--- Exercise materials Enclosed Below ---

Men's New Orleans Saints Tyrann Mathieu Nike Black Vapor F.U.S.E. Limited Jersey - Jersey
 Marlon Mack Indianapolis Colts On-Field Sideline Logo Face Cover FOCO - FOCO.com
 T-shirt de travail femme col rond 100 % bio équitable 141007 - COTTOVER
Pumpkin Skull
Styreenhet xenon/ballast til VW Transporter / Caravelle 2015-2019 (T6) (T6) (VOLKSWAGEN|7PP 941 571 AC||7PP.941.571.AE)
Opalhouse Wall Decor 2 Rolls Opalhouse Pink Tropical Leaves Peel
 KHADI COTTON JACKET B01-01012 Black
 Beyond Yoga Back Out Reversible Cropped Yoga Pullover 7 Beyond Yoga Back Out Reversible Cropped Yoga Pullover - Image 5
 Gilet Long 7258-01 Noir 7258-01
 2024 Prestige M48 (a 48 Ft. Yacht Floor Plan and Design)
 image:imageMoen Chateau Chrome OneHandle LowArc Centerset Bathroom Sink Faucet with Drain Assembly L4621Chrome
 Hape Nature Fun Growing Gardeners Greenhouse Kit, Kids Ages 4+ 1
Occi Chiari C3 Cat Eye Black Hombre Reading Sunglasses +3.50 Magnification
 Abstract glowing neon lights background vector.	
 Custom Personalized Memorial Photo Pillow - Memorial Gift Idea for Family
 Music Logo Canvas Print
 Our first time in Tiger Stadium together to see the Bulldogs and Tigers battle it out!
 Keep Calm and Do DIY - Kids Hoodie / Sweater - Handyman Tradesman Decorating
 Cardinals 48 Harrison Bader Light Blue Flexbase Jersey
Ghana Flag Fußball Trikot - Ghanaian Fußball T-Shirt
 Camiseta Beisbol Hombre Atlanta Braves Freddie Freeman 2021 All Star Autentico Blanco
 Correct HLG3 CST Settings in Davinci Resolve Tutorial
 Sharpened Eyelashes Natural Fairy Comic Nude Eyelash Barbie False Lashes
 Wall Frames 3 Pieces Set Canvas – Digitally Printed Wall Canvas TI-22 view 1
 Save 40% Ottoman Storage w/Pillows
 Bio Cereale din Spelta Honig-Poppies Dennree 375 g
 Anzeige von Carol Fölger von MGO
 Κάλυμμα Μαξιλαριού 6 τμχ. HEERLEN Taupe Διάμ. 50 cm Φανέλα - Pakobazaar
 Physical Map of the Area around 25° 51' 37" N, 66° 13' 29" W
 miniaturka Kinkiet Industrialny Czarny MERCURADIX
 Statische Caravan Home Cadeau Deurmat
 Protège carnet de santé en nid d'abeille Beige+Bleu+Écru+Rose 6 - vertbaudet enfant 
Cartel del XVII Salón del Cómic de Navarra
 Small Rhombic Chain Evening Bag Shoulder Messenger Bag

--- End of Enclosed Exercise materials ---

Return all lines from the entries that contain the string "Kids".

Worked solution:
 Hape Nature Fun Growing Gardeners Greenhouse Kit, Kids Ages 4+ 1
 Keep Calm and Do DIY - Kids Hoodie / Sweater - Handyman Tradesman Decorating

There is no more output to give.